Weighted Fair Queuing
Weighted Fair Queuing (WFQ) attempts to address some of the failing of
FIFO and Priority queuing by allowing all traffic some access to the interface.
Some characteristics of WFQ include:
■ Queues traffic by flow or conversation.
■ Flows are identified by header information, such as source and destination
IP address, protocol, source and destination ports, and type of
service field value. These are used by a hash algorithm to create a
queue index number.
■ Each interface has a limited number of WFQ queues. Default for most
interfaces is 256; it can be configured from 16–4096.
■ If the number of flows exceeds the number of queues, multiple flows
are placed in the same queue, resulting in less bandwidth per flow.

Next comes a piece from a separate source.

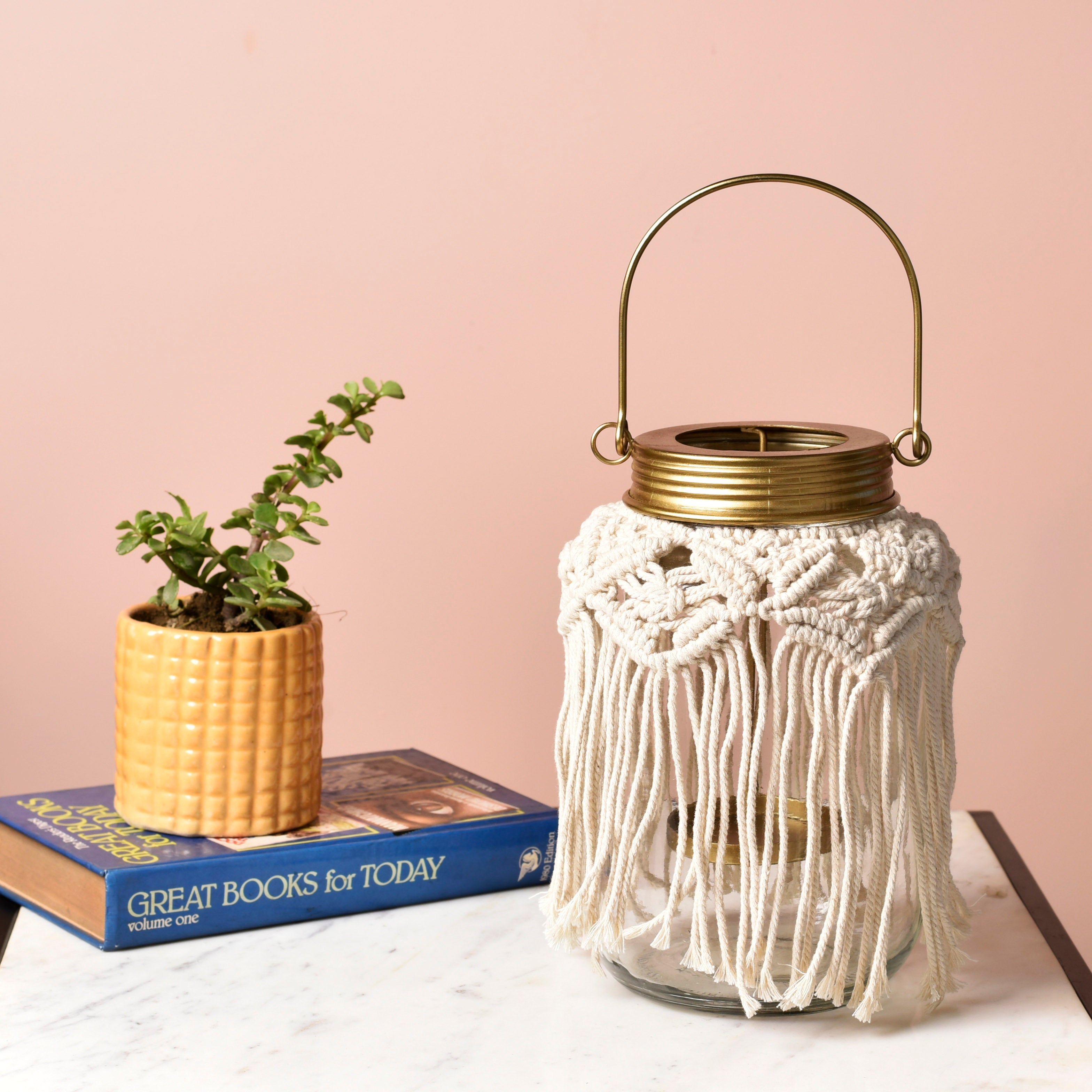 Macrame Glass Jar  Candle Holder With Gold Handle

■ Provides queues for system traffic and RSVP traffic separate from the
WFQ queues.
■ Traffic is weighted by flow, based on IP precedence.

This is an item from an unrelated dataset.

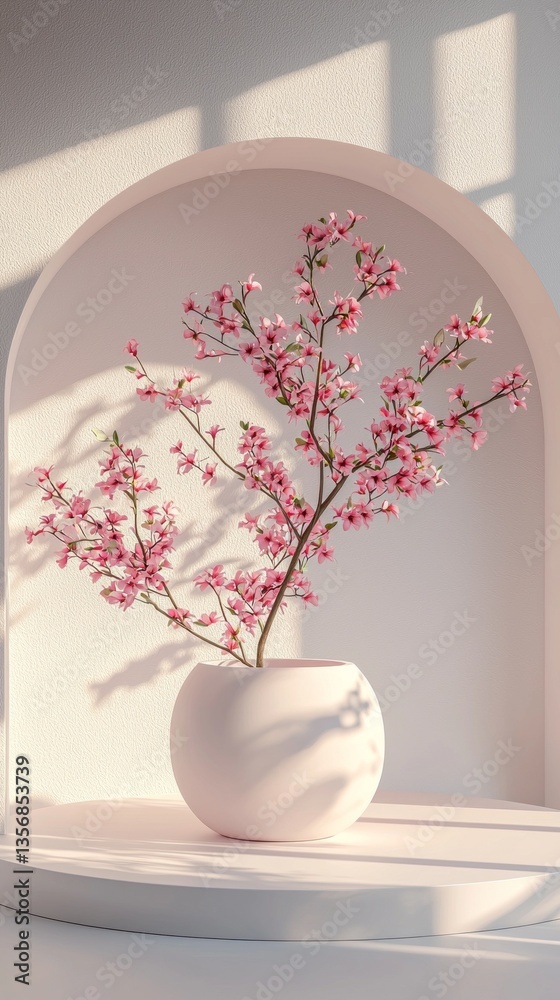 Poster delicate pink flowers sprout from a smooth, rounded vase, casting gentle shadows on a warm surface.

■ WFQ schedules small interactive flows before high-bandwidth flows.
■ Allows lower-weighted flows relatively more bandwidth than higherweighted
conversations.
■ Drops packets from high-volume flows more aggressively than those
of low-volume flows.
■ The hold-queue limit determines how many packets can be held in the
WFQ system before all new packets are dropped (tail drop). The
default is 1000.
■ The congestive discard threshold (CDT) determines how many packets
can be held by the WFQ before it begins dropping packets from highvolume
flows. Packets are dropped from the queues with the most
packets first. Packets are not dropped from low-volume conversations.
The default CDT is 64.
Advantages of WFQ include simplicity of configuration, support on most
platforms and IOS versions, allowing some bandwidth to all traffic, and
dropping more packets from higher-bandwidth flows.
Disadvantages of WFQ include lack of support for tunneling or encryption,
lack of manual control over traffic classification, lack of minimum or fixed
bandwidth guarantees, and chance of multiple flows placed in the same
queue.